In flashbacks we meet Erin the fresh-faced rookie, assigned to infiltrate a gang of bank robbers with fellow undercover officer Chris (Sebastian Stan, very good). Their roles as lovers soon become reality, and Erin hatches an exit strategy that coincides with the group’s next big heist. The leader of the group is charismatic Silas (Toby Kebbell), who lords over his crew with an inexplicable, cultish authority. The other women in Silas’ orbit (including Orphan Black star Tatiana Maslany) are at his disposal but Erin’s fealty is unclear; it’s one small detail omitted that erodes the narrative’s credibility

Destroyer is a serviceable thriller, if a little addled, time-wise. In the present we meet despicable lawyer DiFranco (Bradley Whitford, an oily breath of fresh air, if such a thing can be imagined) and a dying ex-con. Erin uses different methods to extract information from both men, and both methods underscore just how far she has fallen.

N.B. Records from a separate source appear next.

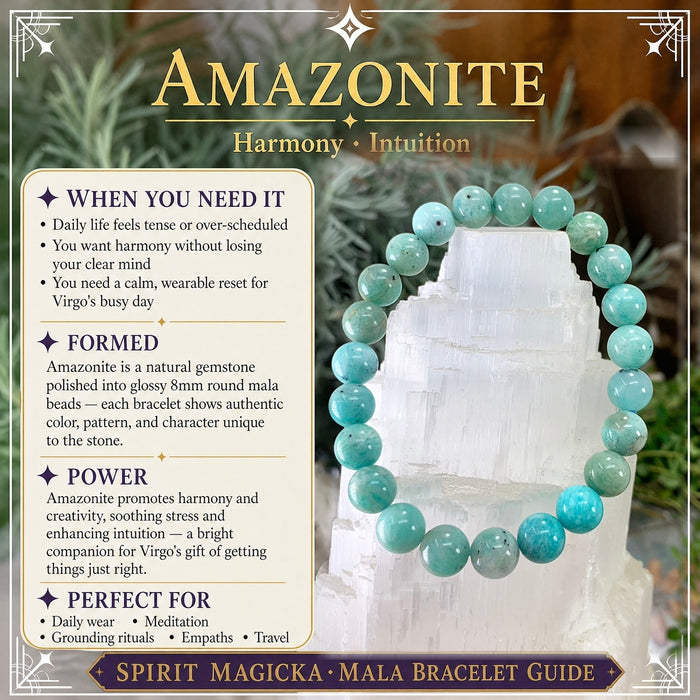 Sea-green amazonite bead bracelet on a selenite tower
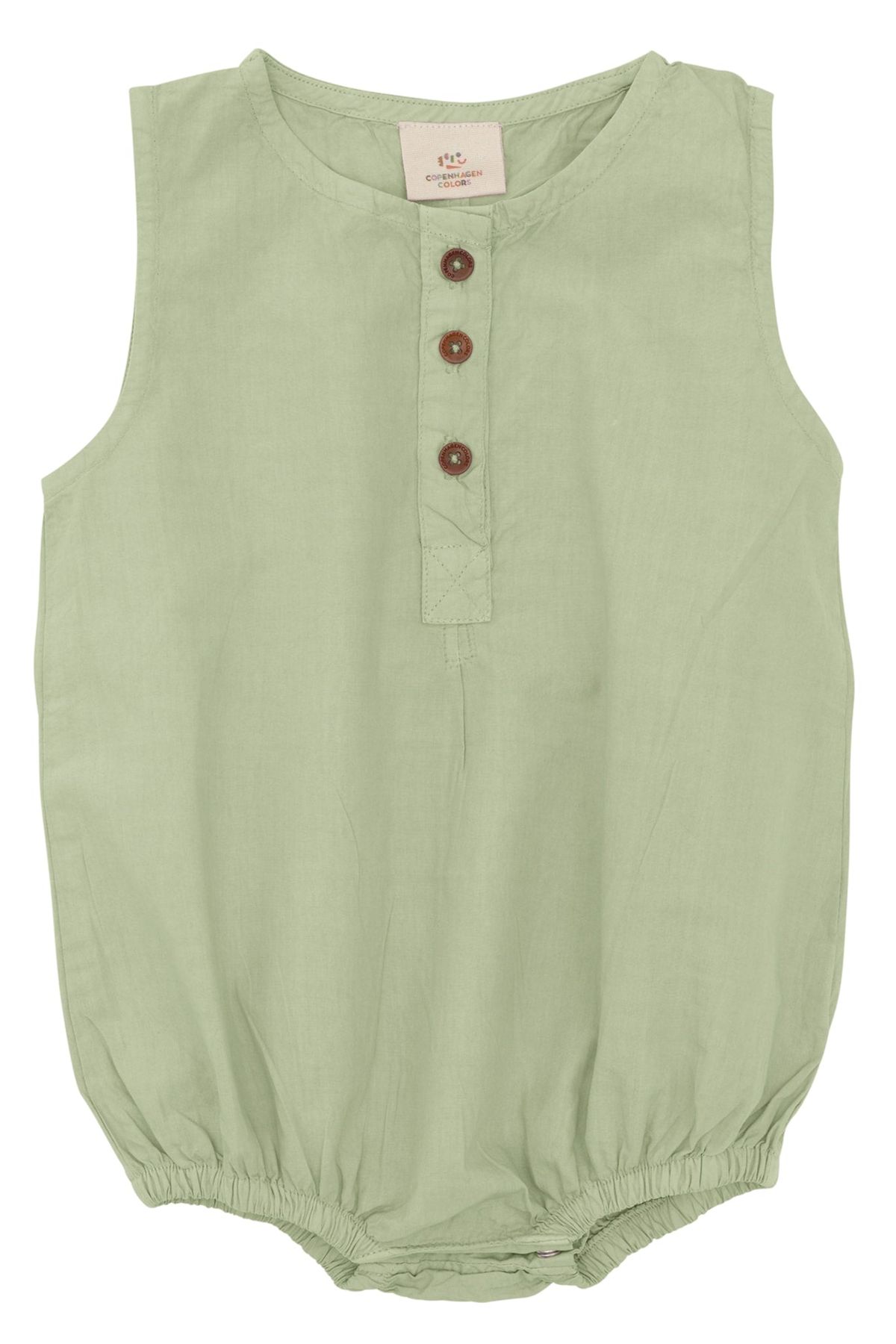 KLASSISK POPLIN ROMPER - DUSTY GREEN - DUSTY GREEN / 62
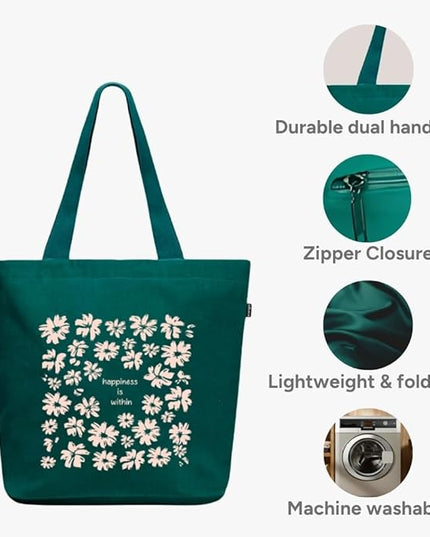 Ecoright Aesthetic Canvas Tote Bag for Women Large Zipper Tote Bags with Pocket, Womens Tote Bag for Yoga, Work, Beach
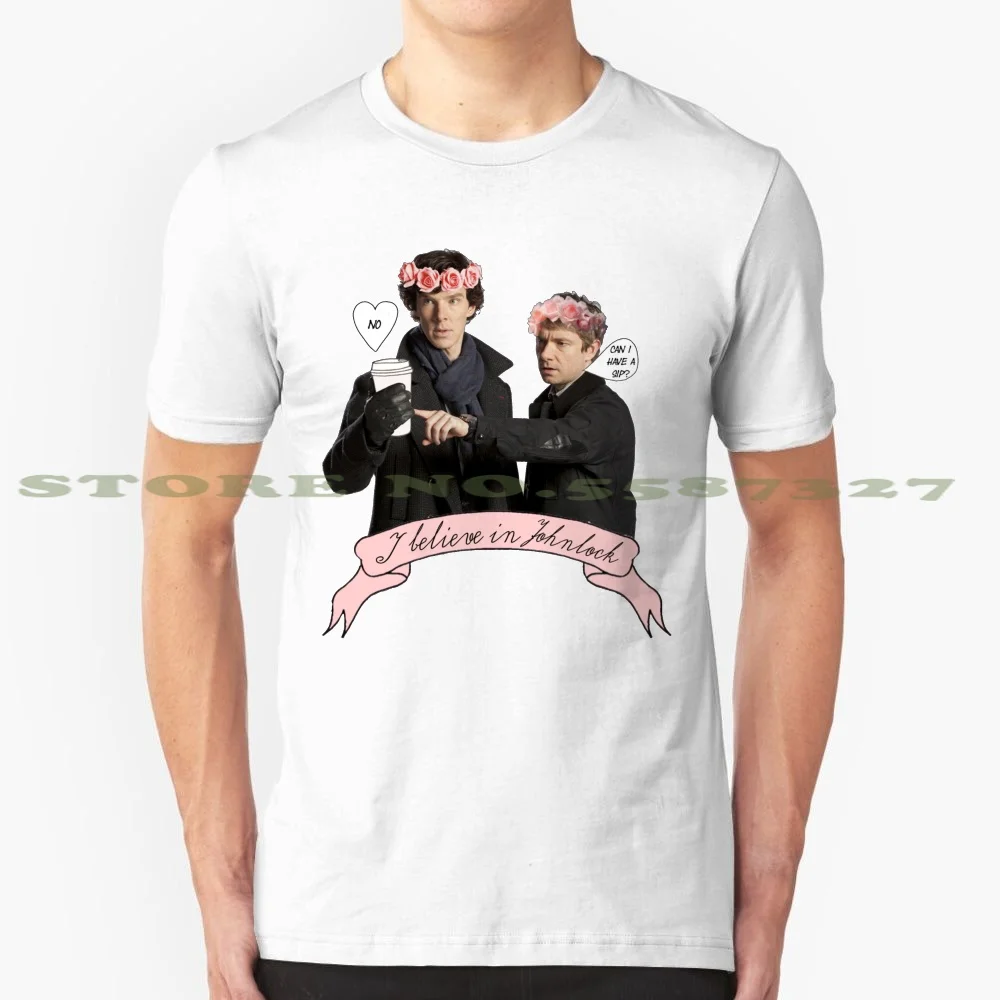 Футболка мужская женская с надписью I believe in Johnlock | Мужская одежда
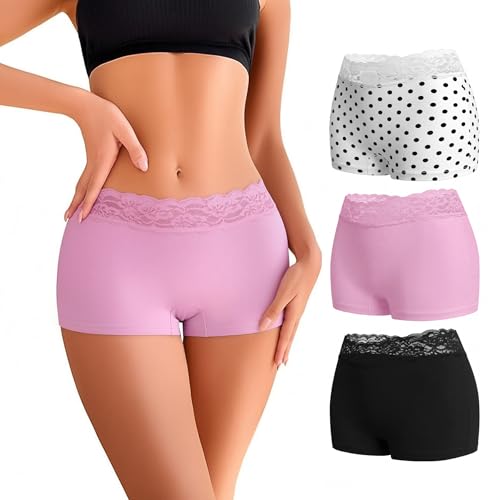 Uniexcosm Boxer Mujer Algodon Bragas Talle Alto con Encaje Ropa Interior Sexys para Transpirable Culotte Panties Pack Colores Pack De 2 5,Rosa 3,L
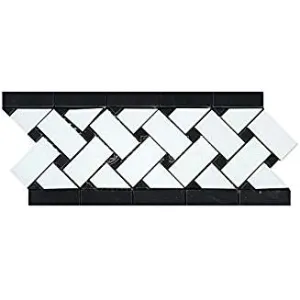 Thassos White Greek Marble Basketweave Border Mosaic Tile with Black Marble Dots, Polished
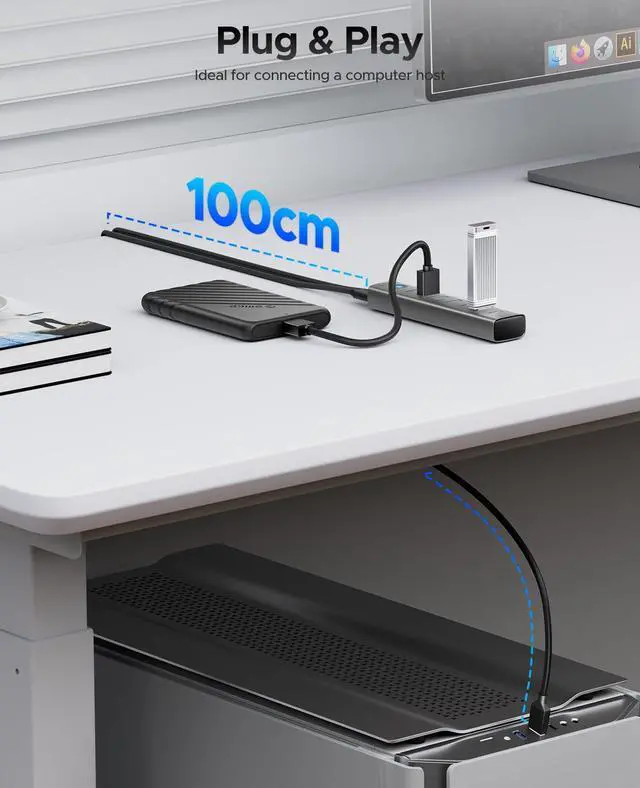 Alt view image 5 of 7 - 7-Port USB 3.0 Hub, Aluminum USB Multiple Adapter, 5Gbps USB Extender USB Splitter with 3.28Ft Cable, UBS-A Hub Long Cable for Desktop, PC, Flash Drive, Mobile HDD, Windows/XPS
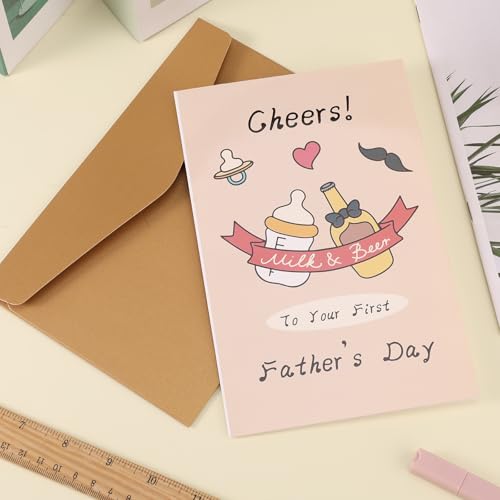 Eerste Vader's Dagkaart, Papieren Groetkaart voor Nieuwe Vader met Envelop Grappige Vaderdag Cadeaubonnen voor Zoon en Zoon in de Wet (Stijl 1) 3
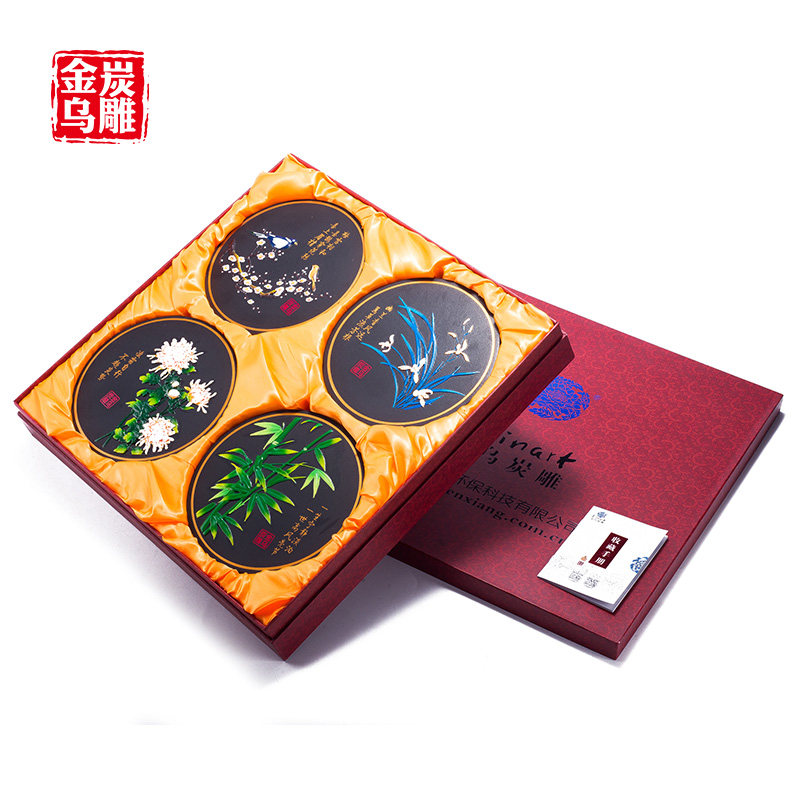金乌炭雕梅兰竹菊创意家居工艺品摆件客厅书房办公室活性炭艺术品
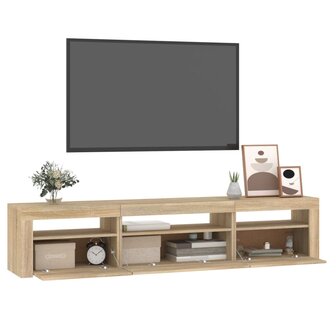 Tv-meubel met LED-verlichting 195x35x40 cm sonoma eikenkleurig 6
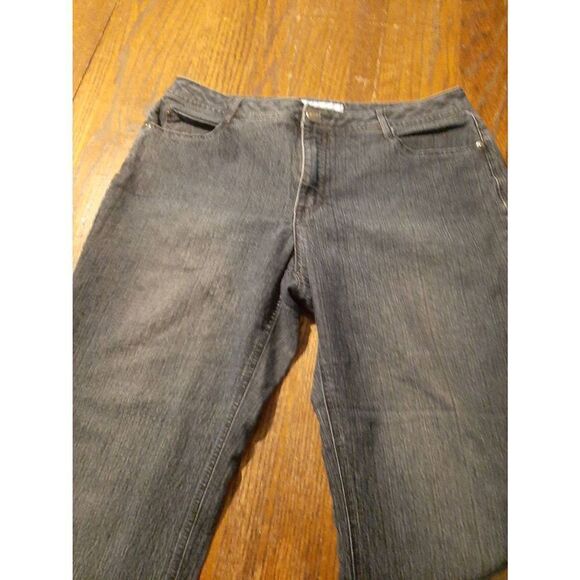 Size 12P Kim Rogers Petite Denim Blue Jeans Mid Rise with Pockets Belt Loops - Picture 2 of 5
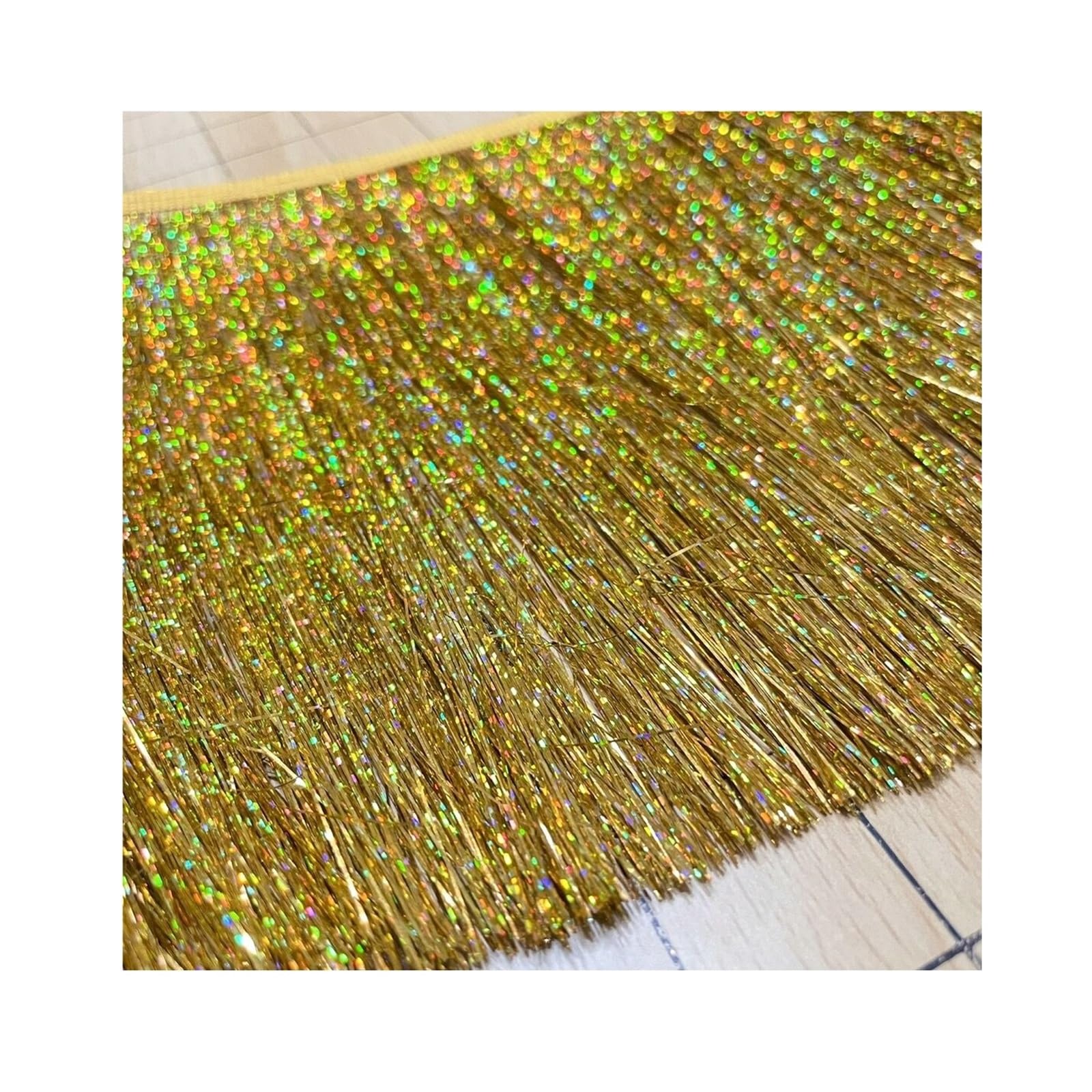 Tassel Fringe Trim 1Yard/Lot 20CM Laser Gold&Silver Glitter Fringes Lace Trim Tassel For Latin Dance Costume Fringe Apparel Accessoires(Color 4)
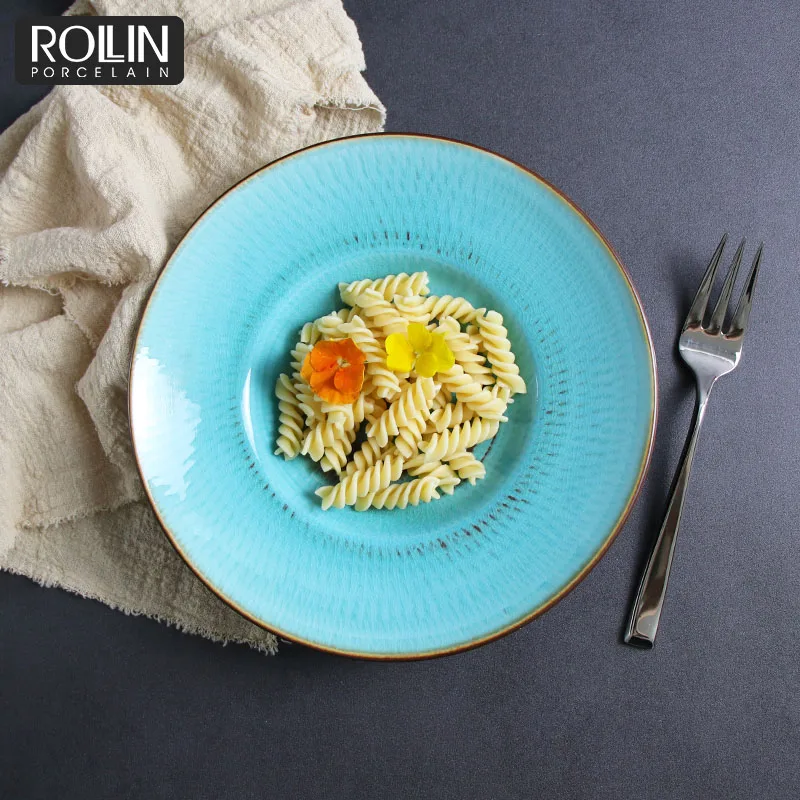 Microwave Oven Safe Porcelain ceramic tableware Under Glaze Turquoise Green Dinnerware Set Plates for Restaurant Crockery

Kidman takes on some interesting roles (Dogville, Birth, The Rabbit Hole, The Killing of A Sacred Deer, Boy Erased), and Destroyer is no exception. But though Erin is the centre of Destroyer, she’s hardly its beating heart. Kidman’s voice is a raspy whisper, and her makeup is so exaggerated in comparison to everyone else’s that Erin is like a grim, shuffling island unto herself. 

DOP Julie Kirkwood utilizes frequent shots from above to highlight the emotional disconnect; the fact that Erin seems to have only passing familiarity with her partner, and no connection at all to home or to things, only deepens the sense of a woman leaving everything behind.

A scene of Russian roulette and another between Kidman and Maslany hint that there could have been more to this tale if handled differently.

But there’s no moral to this sordid story, just a lot of character posturing and genre clichés that feel implausible when piled on top of one another.

No amount of makeup in the world can mask that.